Explain advantage about using logger

We just initialize it before the function, use it, and it will automatically be added to function arguments
With visitor we might not even need to initialize before, provided we don't run the function

short term issues (pool of issues)

Exclude function from pipeline
Explain --data separately later: it just allows to have the test=False as argument, see examples where this can be useful.
(?) Magic that updates pipeline function (evaluates it)
(?) Remove names that are calls - no need to evaluate those objects. See defined function myfunc (don't remember what this is about)

I think these are already covered:

Set logging level with magic line
Indicate name of input/output to be used in pipeline, in case it is not the same as names in arguments/return_values
Indicate name of python file and path to it (relative to lib_path) as magic line.

Do linear scan for previous_variables

loaded names that have first been stored cannot be previous variables
this requires an ordered scan using a tree visitor.
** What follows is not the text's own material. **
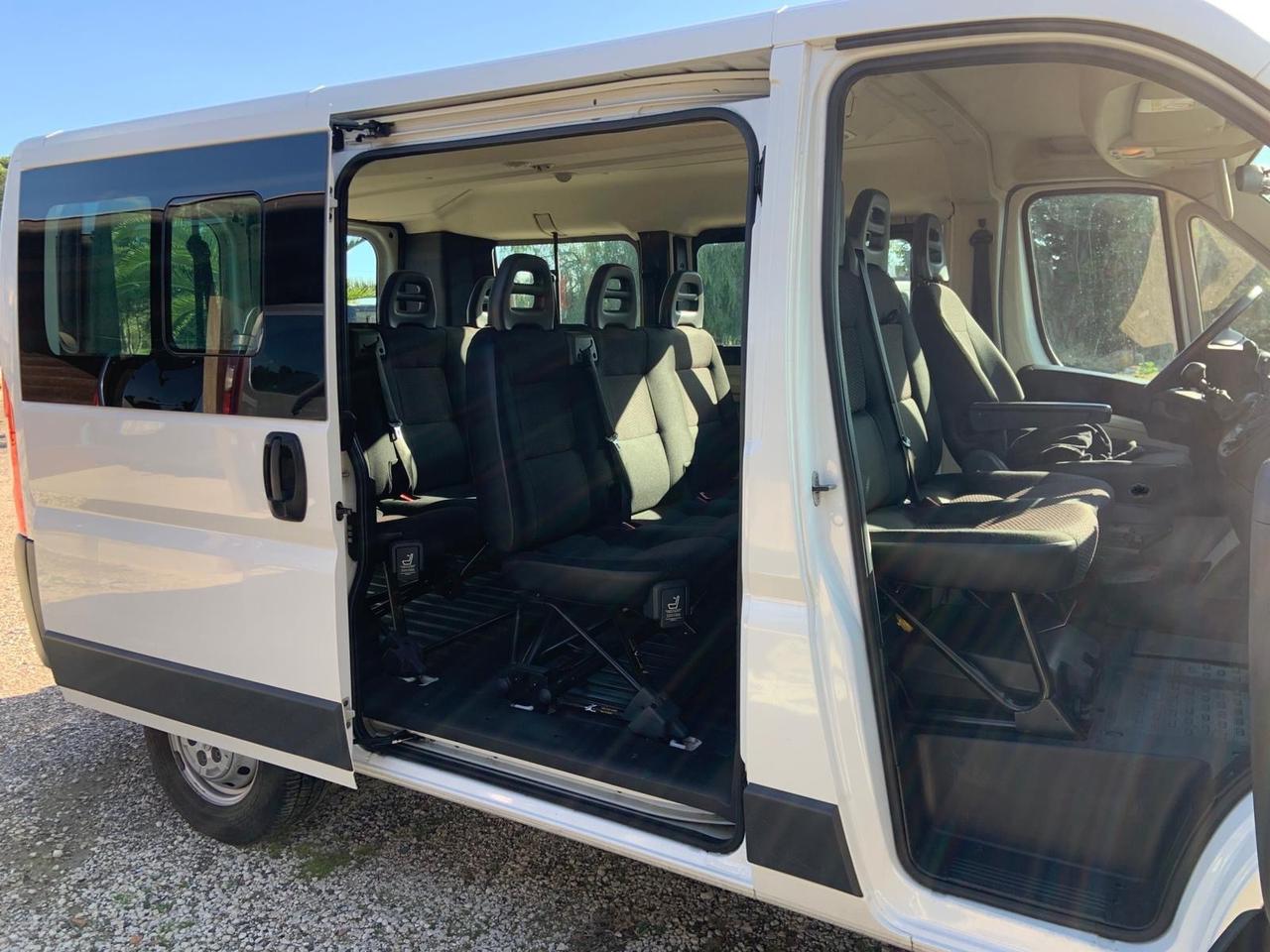 Peugeot Boxer 9 posti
See ast_examples.ipynb in nbs/dev_tutorials folder

Explain that nbmodular parsing is currently approximate

debug function

Add magic debug_function which doesn't run function but instead debugs it. It could use the variables in memory or passed as arguments:

%%debug_function --input-values a=1 b=2
def add_and_print(a, b):
    c = a + b
    print (c)

indicate pipeline name

set_pipe (function_name, pipeline_name)

if pipeline_name != 'None' and pipeline_name not in self.pipelines:
   self.pipelines.append (pipeline_name)

for pipeline in self.pipelines:
   self.create_pipeline (pipeline)

def create_pipeline (pipeline=None):
    if pipeline is None:
        pipeline = self.file_name_without_extension
    function_list = self.get_function_list (pipeline=pipeline)

get_function_list (self, ..., pipeline=None):
   if pipeline is not None:
        function_list = (... and f.pipeline==pipeline)
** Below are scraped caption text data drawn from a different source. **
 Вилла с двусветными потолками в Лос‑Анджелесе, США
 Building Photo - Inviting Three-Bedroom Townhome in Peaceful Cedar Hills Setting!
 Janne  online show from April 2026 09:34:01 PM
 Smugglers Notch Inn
add global boolean flag in CellProcessor that tells to just include the cell text when calling the magic `function` from now on

long term issues (Pool of issues)

Hierarchical objects with current values as attributes
Copy previous values and restore the variables to have the previous values after running the function
optional: warning message when return doesn't include variable name but function call
allow to exclude / include local variables to be stored in object, to avoid issues
- Do this in two ways:
  - Delete the variable (del), with the disadvantage that we won't be able to inspect it later on.
  - Delete the variable only when a new cell magic is executed, so that we can still inspect the variables created in the last cell, and then move on to execute the next cell, at which point we remove previous variables that were memory-consuming.
  - We might as well, more in the long-term future, delete variables based on how much memory they consume, using some threshold parameter.
allow to store previous_values in _info object as follows:
1. store the values in locals(), using the same code that is used now for storing current_values in info_object. This code is run before the code from the cell is run,
  so that the locals() are those from before the cell, i.e., the previous values
2. use the same trick as the one used in keep_variables_in_memory: introduce a boolean flag created_previous_values in dict => although it should work here.
3. if the flag does not exist, run second code that, instead of storing values in locals, stores them in disk => although this should not happen here.
Write ipython script where magic functions are written using https://stackoverflow.com/questions/10361206/how-to-run-ipython-magic-from-a-script
Using the AST, see if the first time a variable is stored, in the same statement it is also loaded. If that's the case, or if there was a load for the same variable prior to the current statement, the variable should be in the previous_variable list. Otherwise, it shouldn't. See if ast.walk preserves the ordering of statements when traversing the tree. I think so.
Have function_info object be attached to function object, <my_function>.info = current function info. Have the current values attached directly to the function object.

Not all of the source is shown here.